----- Raw data

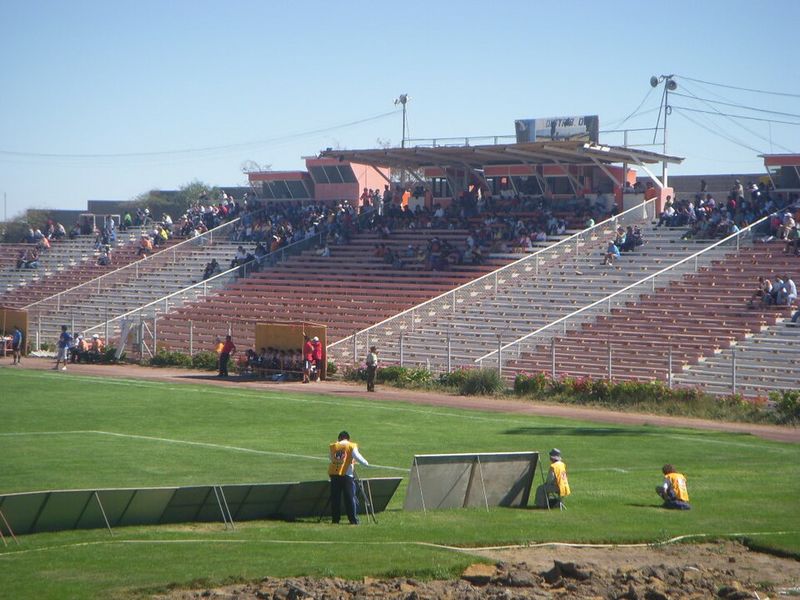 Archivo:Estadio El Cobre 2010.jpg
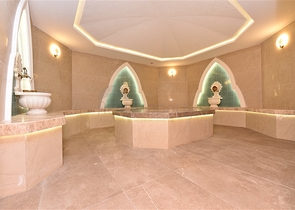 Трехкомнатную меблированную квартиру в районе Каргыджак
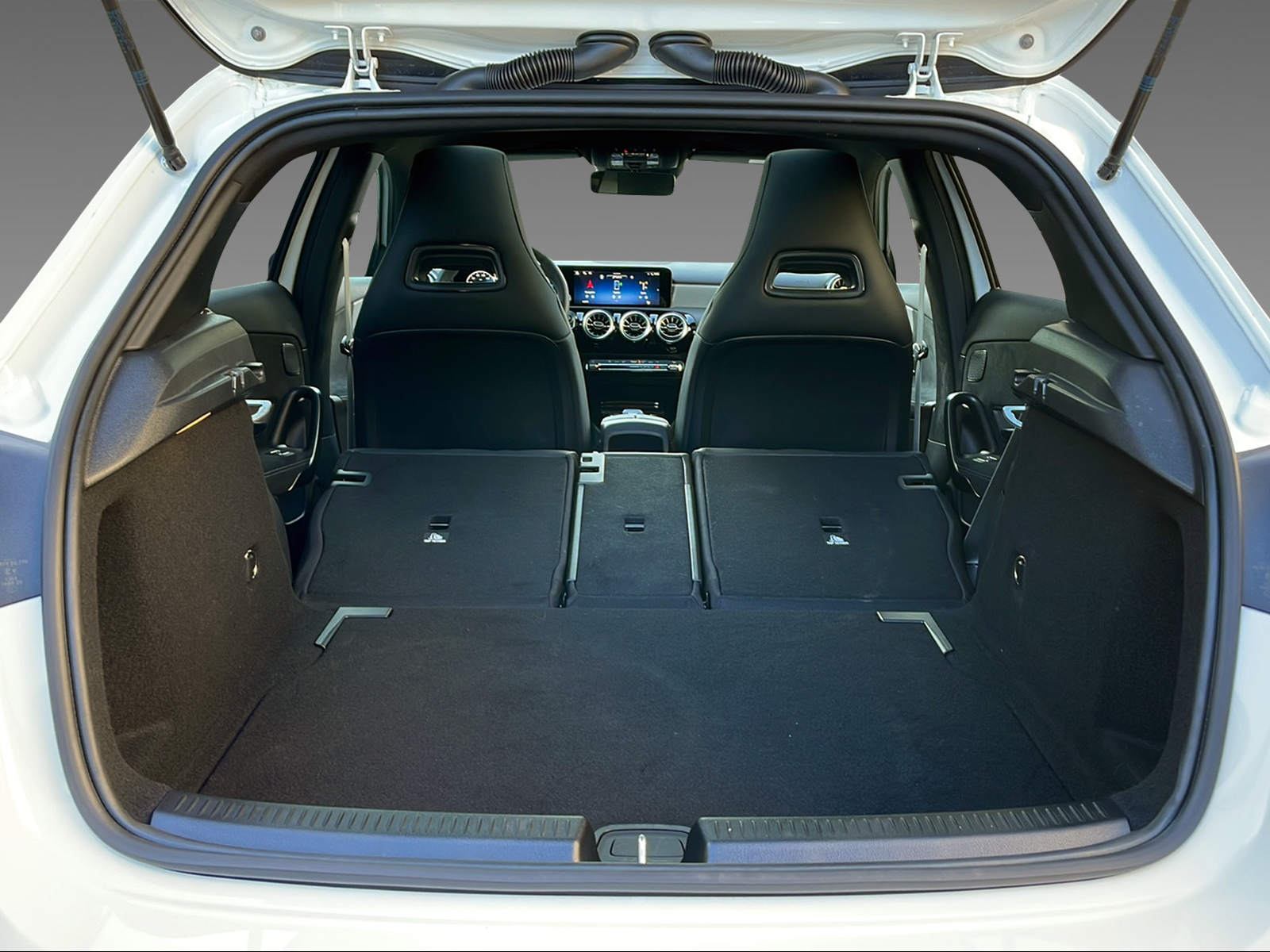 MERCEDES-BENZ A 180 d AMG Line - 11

----------

#### Directions
Your answer should be the lines from the line containing "Трехкомнатную меблированную квартиру" through the end of the listing above, output exactly and alone, without the pictures.

#### Exercise answer
 Трехкомнатную меблированную квартиру в районе Каргыджак
 MERCEDES-BENZ A 180 d AMG Line - 11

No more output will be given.